Source material:

****

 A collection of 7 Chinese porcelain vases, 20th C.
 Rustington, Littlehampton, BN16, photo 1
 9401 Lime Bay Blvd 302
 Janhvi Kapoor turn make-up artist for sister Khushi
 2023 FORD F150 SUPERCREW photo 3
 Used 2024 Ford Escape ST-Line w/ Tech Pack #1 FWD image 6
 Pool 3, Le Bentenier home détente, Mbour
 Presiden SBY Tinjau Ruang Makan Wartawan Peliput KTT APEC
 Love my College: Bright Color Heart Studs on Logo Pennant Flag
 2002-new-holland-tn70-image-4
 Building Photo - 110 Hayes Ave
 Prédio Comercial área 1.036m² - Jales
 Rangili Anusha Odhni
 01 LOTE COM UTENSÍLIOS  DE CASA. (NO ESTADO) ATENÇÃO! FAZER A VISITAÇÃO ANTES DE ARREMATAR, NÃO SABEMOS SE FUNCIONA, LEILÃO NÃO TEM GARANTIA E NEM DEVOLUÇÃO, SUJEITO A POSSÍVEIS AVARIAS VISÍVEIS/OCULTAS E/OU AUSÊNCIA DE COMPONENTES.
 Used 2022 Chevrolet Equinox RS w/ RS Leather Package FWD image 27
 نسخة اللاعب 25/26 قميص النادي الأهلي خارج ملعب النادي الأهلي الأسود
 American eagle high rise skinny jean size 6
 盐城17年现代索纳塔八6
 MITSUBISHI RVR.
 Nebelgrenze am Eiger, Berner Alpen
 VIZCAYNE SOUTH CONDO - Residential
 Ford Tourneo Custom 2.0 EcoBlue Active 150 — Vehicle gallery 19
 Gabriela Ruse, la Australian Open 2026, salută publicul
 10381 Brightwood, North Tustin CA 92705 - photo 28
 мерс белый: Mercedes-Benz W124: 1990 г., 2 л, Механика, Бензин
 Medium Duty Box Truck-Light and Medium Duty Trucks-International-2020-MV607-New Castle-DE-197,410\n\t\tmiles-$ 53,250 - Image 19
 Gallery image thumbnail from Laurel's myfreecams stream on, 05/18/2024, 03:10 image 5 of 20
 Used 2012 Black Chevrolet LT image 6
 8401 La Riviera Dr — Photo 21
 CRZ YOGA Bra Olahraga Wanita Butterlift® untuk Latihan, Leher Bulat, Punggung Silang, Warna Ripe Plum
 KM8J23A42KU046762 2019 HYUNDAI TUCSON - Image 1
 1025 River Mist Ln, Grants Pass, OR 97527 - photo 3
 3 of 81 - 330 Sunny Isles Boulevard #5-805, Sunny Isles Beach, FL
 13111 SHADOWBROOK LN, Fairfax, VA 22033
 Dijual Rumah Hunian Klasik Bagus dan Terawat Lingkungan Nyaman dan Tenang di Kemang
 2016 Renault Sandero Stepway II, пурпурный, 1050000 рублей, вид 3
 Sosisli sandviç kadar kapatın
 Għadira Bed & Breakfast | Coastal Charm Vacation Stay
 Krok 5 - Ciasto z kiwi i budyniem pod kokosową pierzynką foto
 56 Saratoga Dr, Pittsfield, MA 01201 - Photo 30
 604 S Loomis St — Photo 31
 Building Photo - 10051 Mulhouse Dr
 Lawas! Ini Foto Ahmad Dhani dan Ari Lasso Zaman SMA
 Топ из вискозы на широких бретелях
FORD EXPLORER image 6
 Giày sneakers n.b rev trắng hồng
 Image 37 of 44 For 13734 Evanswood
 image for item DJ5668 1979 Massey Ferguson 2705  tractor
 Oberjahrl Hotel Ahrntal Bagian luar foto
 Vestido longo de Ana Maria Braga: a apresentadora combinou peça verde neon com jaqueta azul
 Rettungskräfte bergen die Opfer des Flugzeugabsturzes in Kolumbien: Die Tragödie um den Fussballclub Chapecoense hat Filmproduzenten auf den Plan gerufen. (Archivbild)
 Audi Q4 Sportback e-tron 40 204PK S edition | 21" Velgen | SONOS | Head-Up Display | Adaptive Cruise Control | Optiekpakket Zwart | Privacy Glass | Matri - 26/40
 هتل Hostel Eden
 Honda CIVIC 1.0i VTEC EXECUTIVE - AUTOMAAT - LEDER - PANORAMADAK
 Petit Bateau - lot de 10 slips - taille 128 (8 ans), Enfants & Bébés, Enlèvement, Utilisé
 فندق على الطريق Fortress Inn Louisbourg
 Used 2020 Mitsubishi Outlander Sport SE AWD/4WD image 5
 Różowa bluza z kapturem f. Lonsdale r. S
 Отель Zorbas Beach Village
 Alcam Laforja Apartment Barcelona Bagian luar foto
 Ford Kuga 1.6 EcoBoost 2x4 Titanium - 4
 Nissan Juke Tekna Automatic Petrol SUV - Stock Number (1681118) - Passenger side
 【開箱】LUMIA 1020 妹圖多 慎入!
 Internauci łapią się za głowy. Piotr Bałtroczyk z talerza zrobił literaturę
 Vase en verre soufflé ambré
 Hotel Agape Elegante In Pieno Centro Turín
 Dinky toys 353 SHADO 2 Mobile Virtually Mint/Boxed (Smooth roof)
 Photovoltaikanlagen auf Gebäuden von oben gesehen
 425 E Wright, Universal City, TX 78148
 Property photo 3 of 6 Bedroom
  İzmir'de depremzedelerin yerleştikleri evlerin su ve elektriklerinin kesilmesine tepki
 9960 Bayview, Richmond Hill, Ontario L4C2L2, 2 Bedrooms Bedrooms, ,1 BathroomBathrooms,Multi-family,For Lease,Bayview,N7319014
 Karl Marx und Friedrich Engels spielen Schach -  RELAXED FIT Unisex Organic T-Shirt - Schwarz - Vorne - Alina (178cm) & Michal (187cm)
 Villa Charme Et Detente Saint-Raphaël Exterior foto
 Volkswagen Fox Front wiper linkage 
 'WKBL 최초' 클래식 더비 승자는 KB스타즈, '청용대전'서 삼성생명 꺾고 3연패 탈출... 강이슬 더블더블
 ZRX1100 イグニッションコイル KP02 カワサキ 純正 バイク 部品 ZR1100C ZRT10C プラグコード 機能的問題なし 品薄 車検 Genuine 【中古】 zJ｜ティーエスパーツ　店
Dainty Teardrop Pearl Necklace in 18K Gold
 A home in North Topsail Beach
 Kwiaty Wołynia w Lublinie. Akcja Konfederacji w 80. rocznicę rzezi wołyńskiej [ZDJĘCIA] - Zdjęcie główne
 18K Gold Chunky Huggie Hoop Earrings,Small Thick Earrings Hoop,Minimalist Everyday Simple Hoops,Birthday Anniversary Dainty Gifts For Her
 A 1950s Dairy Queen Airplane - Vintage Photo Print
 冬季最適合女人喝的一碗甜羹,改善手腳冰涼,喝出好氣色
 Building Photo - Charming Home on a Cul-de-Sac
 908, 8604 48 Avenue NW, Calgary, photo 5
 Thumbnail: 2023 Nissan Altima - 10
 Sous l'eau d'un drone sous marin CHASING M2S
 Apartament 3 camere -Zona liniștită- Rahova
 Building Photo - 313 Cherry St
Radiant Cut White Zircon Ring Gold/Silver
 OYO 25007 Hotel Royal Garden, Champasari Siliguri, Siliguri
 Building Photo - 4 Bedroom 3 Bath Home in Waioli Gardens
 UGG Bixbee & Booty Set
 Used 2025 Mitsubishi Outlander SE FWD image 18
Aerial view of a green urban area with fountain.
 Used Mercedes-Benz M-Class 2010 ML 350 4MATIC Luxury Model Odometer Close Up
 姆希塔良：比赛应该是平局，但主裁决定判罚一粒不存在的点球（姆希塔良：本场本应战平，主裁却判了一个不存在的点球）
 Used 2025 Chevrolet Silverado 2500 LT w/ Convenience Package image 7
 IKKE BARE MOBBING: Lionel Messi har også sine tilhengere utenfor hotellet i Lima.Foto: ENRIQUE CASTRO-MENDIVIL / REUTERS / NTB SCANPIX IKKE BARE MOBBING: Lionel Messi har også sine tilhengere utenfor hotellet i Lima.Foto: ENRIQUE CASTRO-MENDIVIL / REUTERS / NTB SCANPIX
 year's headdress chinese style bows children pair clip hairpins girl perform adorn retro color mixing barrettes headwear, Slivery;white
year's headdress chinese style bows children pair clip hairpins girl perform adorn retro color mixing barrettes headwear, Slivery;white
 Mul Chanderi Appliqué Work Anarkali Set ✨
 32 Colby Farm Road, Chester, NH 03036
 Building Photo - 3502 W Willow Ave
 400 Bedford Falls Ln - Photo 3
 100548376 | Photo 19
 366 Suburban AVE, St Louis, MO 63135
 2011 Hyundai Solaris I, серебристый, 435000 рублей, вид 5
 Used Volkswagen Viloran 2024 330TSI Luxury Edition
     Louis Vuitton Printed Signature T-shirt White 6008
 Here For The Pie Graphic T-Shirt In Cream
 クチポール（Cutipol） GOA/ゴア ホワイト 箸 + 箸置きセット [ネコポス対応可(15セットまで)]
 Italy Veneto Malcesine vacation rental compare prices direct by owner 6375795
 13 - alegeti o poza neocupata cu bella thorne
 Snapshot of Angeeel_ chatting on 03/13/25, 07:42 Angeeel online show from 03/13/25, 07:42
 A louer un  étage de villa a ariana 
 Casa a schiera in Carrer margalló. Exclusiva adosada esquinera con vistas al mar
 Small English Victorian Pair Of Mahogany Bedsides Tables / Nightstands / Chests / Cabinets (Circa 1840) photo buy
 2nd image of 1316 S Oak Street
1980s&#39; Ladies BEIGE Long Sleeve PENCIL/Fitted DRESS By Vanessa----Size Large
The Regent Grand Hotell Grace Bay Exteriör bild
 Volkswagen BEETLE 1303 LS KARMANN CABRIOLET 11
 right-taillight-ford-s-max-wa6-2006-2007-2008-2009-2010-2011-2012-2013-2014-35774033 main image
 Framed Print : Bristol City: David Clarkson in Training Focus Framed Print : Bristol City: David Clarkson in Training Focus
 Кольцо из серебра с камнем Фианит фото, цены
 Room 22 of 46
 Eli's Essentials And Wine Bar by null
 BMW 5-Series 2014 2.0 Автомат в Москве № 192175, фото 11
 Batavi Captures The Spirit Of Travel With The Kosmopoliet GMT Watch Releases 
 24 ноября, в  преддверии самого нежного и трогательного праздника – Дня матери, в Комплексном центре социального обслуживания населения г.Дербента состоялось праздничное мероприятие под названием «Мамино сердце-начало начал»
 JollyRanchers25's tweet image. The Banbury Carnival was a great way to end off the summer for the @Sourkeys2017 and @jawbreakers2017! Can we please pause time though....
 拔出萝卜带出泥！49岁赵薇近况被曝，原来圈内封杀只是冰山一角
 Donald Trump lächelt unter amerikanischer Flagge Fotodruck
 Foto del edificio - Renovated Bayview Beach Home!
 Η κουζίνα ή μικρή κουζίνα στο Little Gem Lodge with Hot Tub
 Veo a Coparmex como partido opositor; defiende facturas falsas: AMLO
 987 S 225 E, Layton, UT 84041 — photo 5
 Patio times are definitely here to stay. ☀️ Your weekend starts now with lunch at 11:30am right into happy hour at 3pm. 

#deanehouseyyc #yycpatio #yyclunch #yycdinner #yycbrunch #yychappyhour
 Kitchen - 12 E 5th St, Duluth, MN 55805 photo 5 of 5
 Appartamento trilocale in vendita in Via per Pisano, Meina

****

Exercise brief: Copy out the data above word for word, starting at its first line and ending with the line that contains "Building Photo - 110 Hayes Ave".

Solution for this task:
 A collection of 7 Chinese porcelain vases, 20th C.
 Rustington, Littlehampton, BN16, photo 1
 9401 Lime Bay Blvd 302
 Janhvi Kapoor turn make-up artist for sister Khushi
 2023 FORD F150 SUPERCREW photo 3
 Used 2024 Ford Escape ST-Line w/ Tech Pack #1 FWD image 6
 Pool 3, Le Bentenier home détente, Mbour
 Presiden SBY Tinjau Ruang Makan Wartawan Peliput KTT APEC
 Love my College: Bright Color Heart Studs on Logo Pennant Flag
 2002-new-holland-tn70-image-4
 Building Photo - 110 Hayes Ave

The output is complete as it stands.